> DESCRIPTION OF THE TASK
Return, exactly as written, every line from the first line of the data below through the line that contains "CHEETOS® Crunchy FLAMIN'".

> RECORDS PROVIDED
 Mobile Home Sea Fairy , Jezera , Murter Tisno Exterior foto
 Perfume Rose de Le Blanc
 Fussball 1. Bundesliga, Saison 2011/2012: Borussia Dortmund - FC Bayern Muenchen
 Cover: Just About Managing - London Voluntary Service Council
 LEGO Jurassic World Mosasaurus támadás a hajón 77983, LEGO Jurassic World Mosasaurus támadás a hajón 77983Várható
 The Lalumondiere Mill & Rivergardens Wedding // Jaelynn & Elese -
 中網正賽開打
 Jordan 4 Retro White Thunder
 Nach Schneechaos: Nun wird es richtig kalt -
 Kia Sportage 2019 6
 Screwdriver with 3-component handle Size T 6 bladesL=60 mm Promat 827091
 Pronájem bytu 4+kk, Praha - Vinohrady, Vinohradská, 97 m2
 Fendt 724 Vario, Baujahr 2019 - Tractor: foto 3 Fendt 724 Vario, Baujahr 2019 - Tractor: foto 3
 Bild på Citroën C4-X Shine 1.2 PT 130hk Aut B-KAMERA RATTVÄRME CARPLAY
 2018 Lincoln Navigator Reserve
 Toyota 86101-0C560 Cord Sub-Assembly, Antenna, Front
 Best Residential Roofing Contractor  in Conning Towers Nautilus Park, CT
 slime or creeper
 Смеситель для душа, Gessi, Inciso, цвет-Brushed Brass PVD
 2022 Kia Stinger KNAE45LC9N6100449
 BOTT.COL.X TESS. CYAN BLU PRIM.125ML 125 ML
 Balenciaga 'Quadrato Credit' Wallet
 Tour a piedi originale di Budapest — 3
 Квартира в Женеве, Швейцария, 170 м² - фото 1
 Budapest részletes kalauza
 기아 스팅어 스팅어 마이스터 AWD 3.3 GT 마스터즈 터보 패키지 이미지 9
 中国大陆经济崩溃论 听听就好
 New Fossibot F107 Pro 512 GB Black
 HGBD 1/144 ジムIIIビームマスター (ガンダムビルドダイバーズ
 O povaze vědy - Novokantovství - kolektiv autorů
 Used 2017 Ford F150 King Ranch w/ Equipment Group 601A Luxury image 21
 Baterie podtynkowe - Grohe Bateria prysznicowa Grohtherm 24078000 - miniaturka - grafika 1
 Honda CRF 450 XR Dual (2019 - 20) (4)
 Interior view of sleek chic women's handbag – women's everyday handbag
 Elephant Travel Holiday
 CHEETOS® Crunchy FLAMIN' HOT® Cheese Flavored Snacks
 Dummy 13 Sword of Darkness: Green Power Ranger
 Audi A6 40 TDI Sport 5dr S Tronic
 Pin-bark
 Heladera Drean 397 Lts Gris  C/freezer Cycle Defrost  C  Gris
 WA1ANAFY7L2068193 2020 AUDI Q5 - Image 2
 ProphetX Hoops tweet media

> ANSWER TO THIS EXERCISE
 Mobile Home Sea Fairy , Jezera , Murter Tisno Exterior foto
 Perfume Rose de Le Blanc
 Fussball 1. Bundesliga, Saison 2011/2012: Borussia Dortmund - FC Bayern Muenchen
 Cover: Just About Managing - London Voluntary Service Council
 LEGO Jurassic World Mosasaurus támadás a hajón 77983, LEGO Jurassic World Mosasaurus támadás a hajón 77983Várható
 The Lalumondiere Mill & Rivergardens Wedding // Jaelynn & Elese -
 中網正賽開打
 Jordan 4 Retro White Thunder
 Nach Schneechaos: Nun wird es richtig kalt -
 Kia Sportage 2019 6
 Screwdriver with 3-component handle Size T 6 bladesL=60 mm Promat 827091
 Pronájem bytu 4+kk, Praha - Vinohrady, Vinohradská, 97 m2
 Fendt 724 Vario, Baujahr 2019 - Tractor: foto 3 Fendt 724 Vario, Baujahr 2019 - Tractor: foto 3
 Bild på Citroën C4-X Shine 1.2 PT 130hk Aut B-KAMERA RATTVÄRME CARPLAY
 2018 Lincoln Navigator Reserve
 Toyota 86101-0C560 Cord Sub-Assembly, Antenna, Front
 Best Residential Roofing Contractor  in Conning Towers Nautilus Park, CT
 slime or creeper
 Смеситель для душа, Gessi, Inciso, цвет-Brushed Brass PVD
 2022 Kia Stinger KNAE45LC9N6100449
 BOTT.COL.X TESS. CYAN BLU PRIM.125ML 125 ML
 Balenciaga 'Quadrato Credit' Wallet
 Tour a piedi originale di Budapest — 3
 Квартира в Женеве, Швейцария, 170 м² - фото 1
 Budapest részletes kalauza
 기아 스팅어 스팅어 마이스터 AWD 3.3 GT 마스터즈 터보 패키지 이미지 9
 中国大陆经济崩溃论 听听就好
 New Fossibot F107 Pro 512 GB Black
 HGBD 1/144 ジムIIIビームマスター (ガンダムビルドダイバーズ
 O povaze vědy - Novokantovství - kolektiv autorů
 Used 2017 Ford F150 King Ranch w/ Equipment Group 601A Luxury image 21
 Baterie podtynkowe - Grohe Bateria prysznicowa Grohtherm 24078000 - miniaturka - grafika 1
 Honda CRF 450 XR Dual (2019 - 20) (4)
 Interior view of sleek chic women's handbag – women's everyday handbag
 Elephant Travel Holiday
 CHEETOS® Crunchy FLAMIN' HOT® Cheese Flavored Snacks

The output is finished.